This I did. Body upright, arm straight, blade out with the edge down.
The results surprised me. I had never actually stuck an animal before. My sword went entirely through the first pig and halfway through the one behind it. They both dropped dead without a squeal.
I got out of the pen and cleaned my sword in the snow. Then I started working on the pig shit on my boots, with Krystyana's help.
Sir Miesko said, "That was a great blow, Sir Conrad! But how real was the test?

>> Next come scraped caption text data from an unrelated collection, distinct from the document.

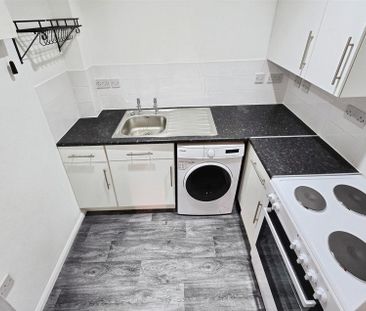 1 Bedroom Studio to Rent in High Street, Irthlingborough, Northants... - Photo 4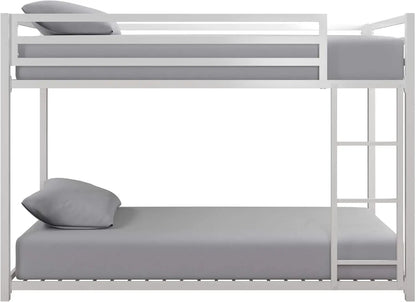 Litera de metal Miles Low para niños, con escalera incorporada, barandilla alta y listones de metal, litera inferior para cama de piso, color blanco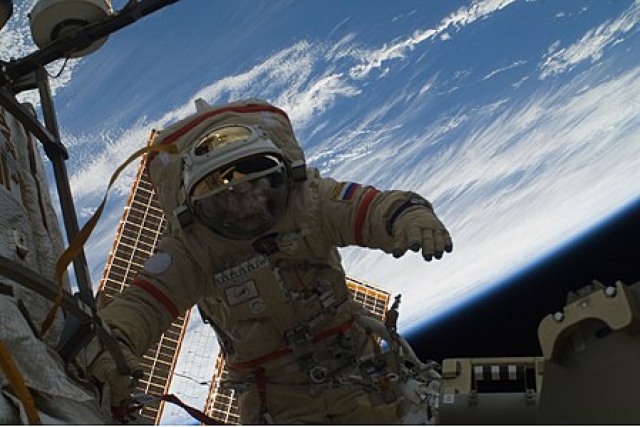 Космонавт Олег Котов в открытом космосе во время космического полёта МКС-22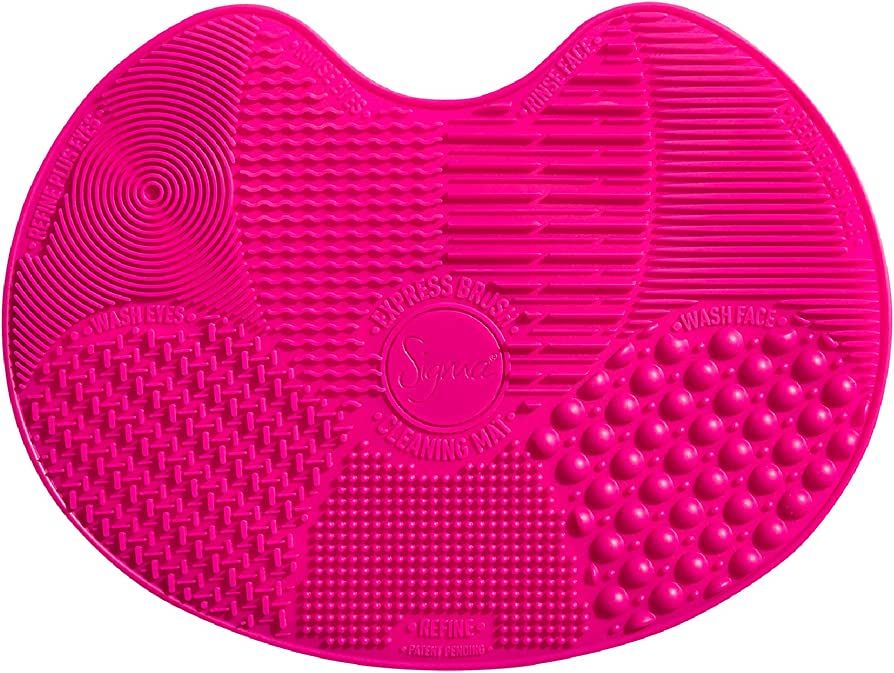 Sigma Beauty Sigma Spa Express Silicone Brush Cleaning Mat w/Suction Cups & Compact Design, Perfe... | Amazon (US)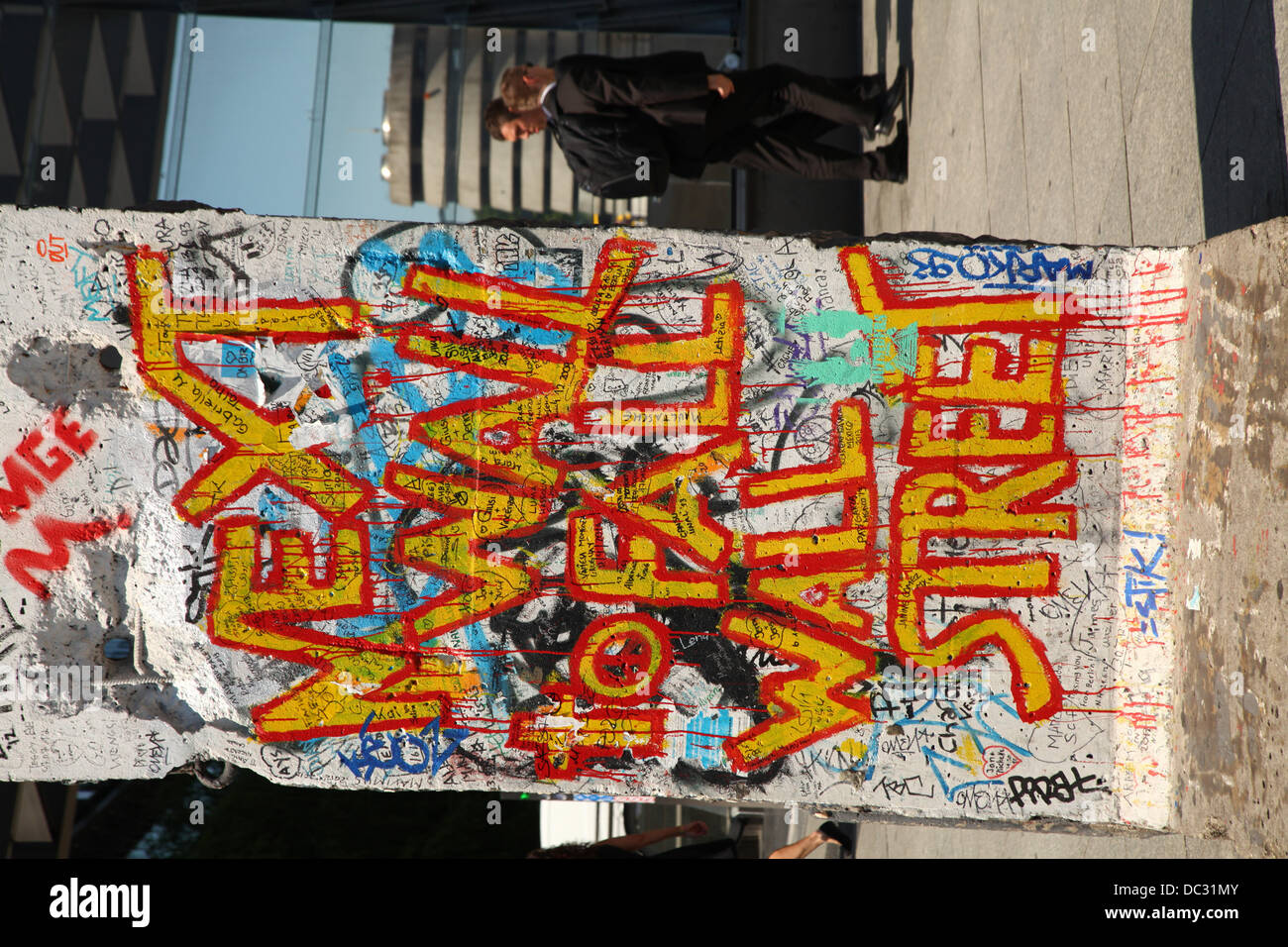"Nächsten Wand Wall Street fallen" ist auf einem Teil der ehemaligen Berliner Mauer am Potsdamer Platz (Potsdamer Platz) in den Bezirk Mitte in Berlin, 6. Juni 2013 geschrieben. Foto: Wolfram Steinberg Dpa ** obligatorische CREDIT: ARTWORK von EL BOCHO ** Stockfoto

What if they were in armor?"
"An excellent idea!" the count said. "Krystyana, Boris brought in four sets of armor. Take Mary and bring us some hauberks. Pick two that match."
As the girls ran off, Sir Miesko shouted, "And the gambesons! Bring two equal gambesons!"
Boris's objections that we were about to chop up his armor were squelched by Count Lambert: "Fear not, our smith will repair it."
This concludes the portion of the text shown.